> _Task objective_: For the entries below, return every line from the top through the line with "Hotel Antequera Hills" exactly as it stands, omitting pictures.

==== The data

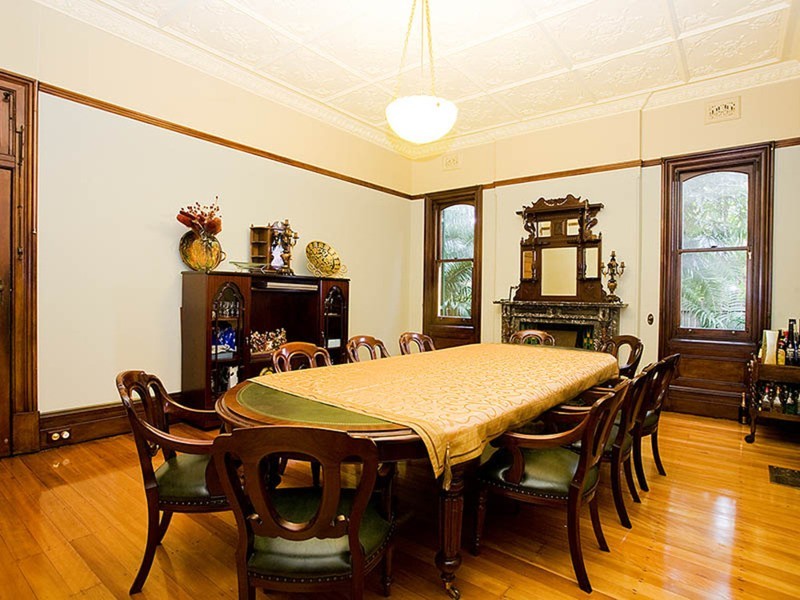 4 Clarence Street, Burwood NSW 2134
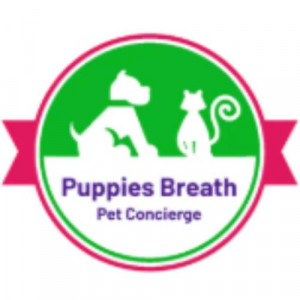 Puppies Breath Pet Concierge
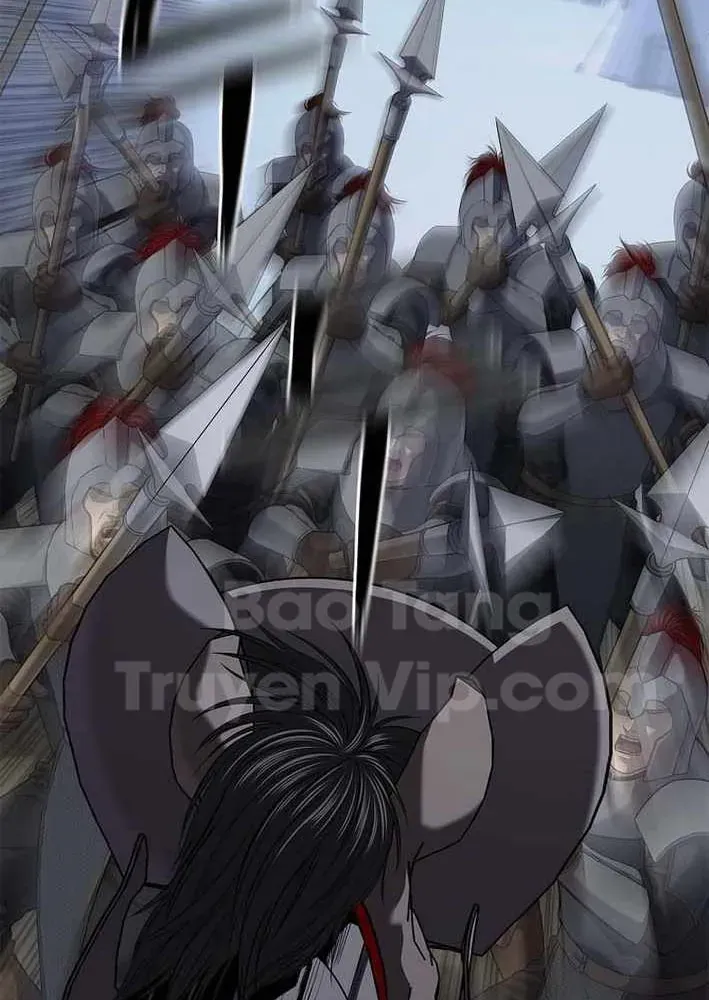 Cương Thiết Liệt Đế Chapter 17 - 71
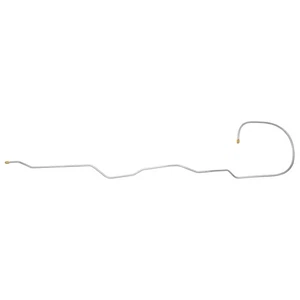 Camión Chevrolet GMC 1951-54, 1955 Serie I 2x2 6 cilindros 5/16" línea de combustible principal 1 pieza, equipo original - Imagen 1 de 9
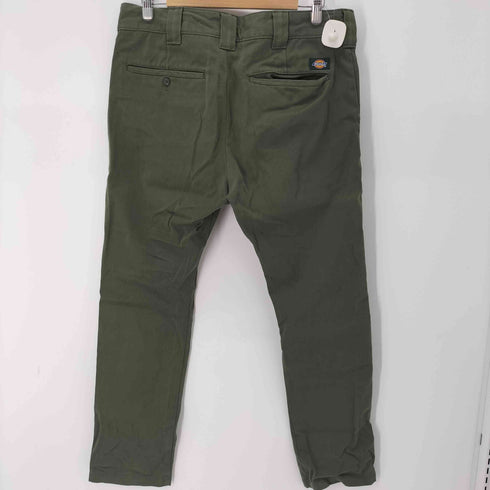 ディッキーズ Dickies TCストレッチナローパンツ メンズ 34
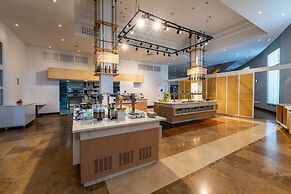 Hotel Antequera Hills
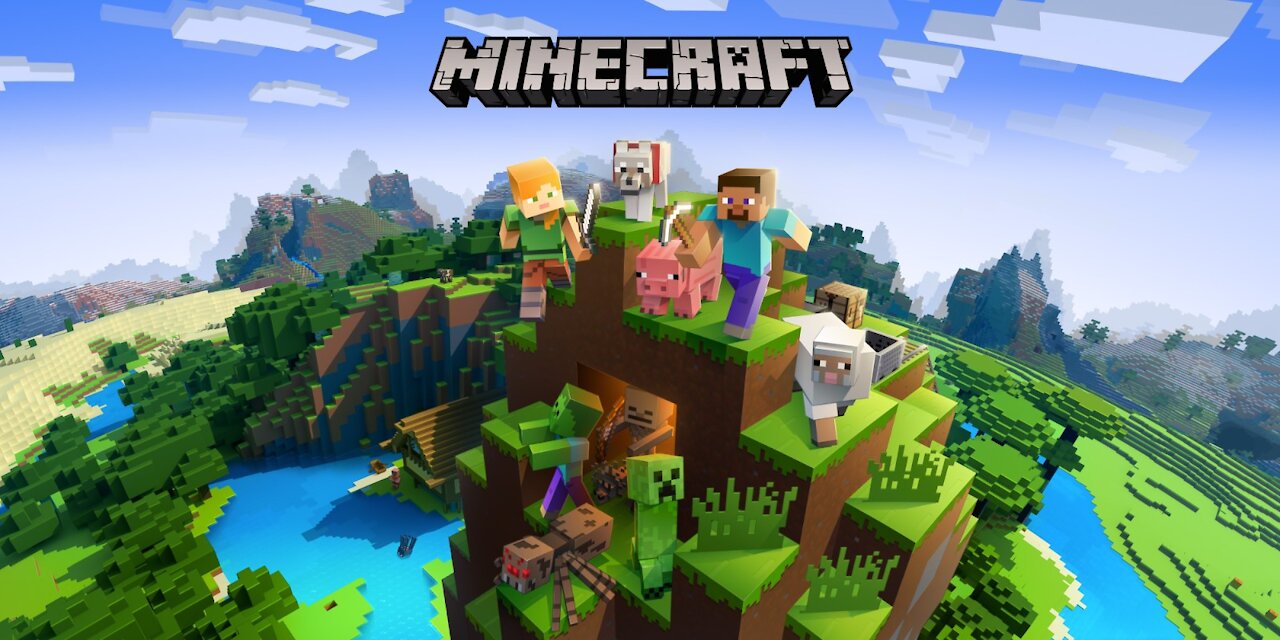 100 NEW BEST MINECRAFT ACHIEVEMENTS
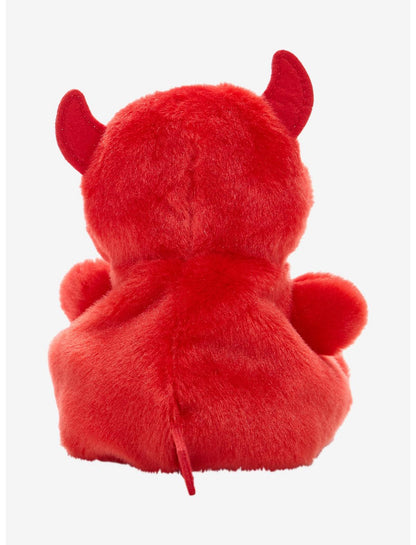 Aurora Palm Pals Damien Devil Plush - US 2297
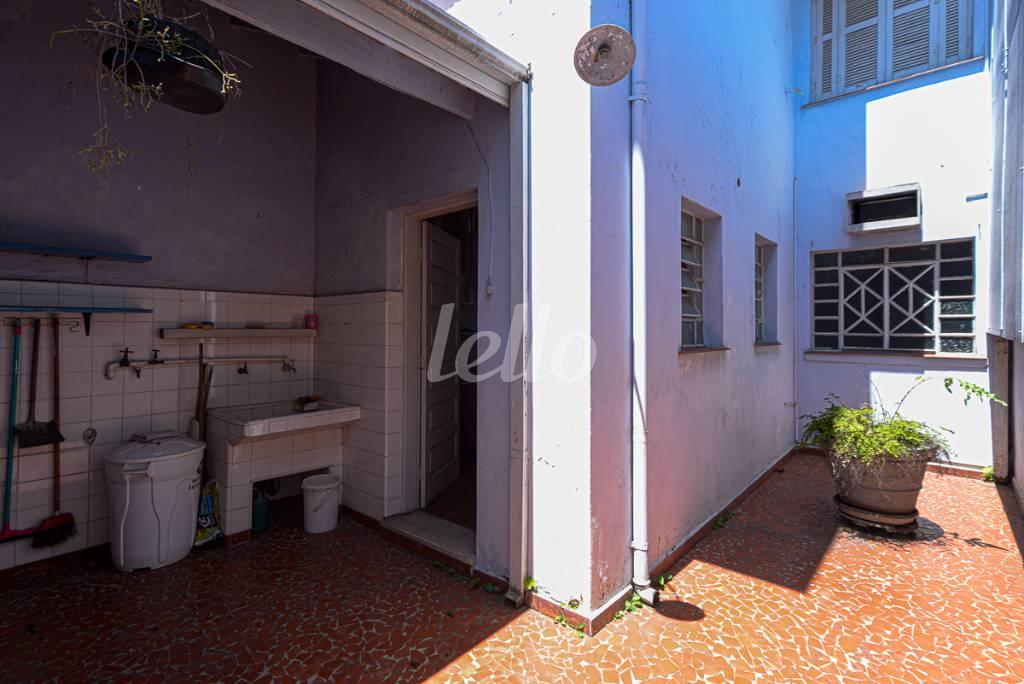 _MSS6676 de Casa à venda, sobrado com 135 m², 3 quartos e 1 vaga em Vila Clementino - São Paulo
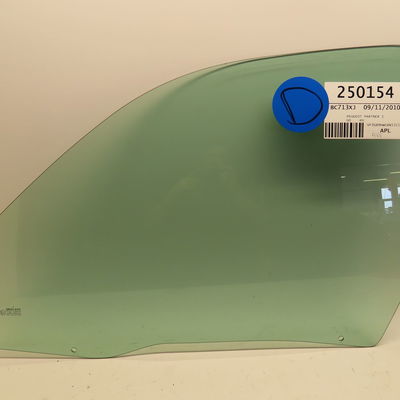 Glace porte av g Citroën C4 GRAND PICASSO I (UA_) 2.0 hdi 138 (2006-2013)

========

> _Exercise result_:
 4 Clarence Street, Burwood NSW 2134
 Puppies Breath Pet Concierge
 Cương Thiết Liệt Đế Chapter 17 - 71
 Camión Chevrolet GMC 1951-54, 1955 Serie I 2x2 6 cilindros 5/16" línea de combustible principal 1 pieza, equipo original - Imagen 1 de 9
 ディッキーズ Dickies TCストレッチナローパンツ メンズ 34
 Hotel Antequera Hills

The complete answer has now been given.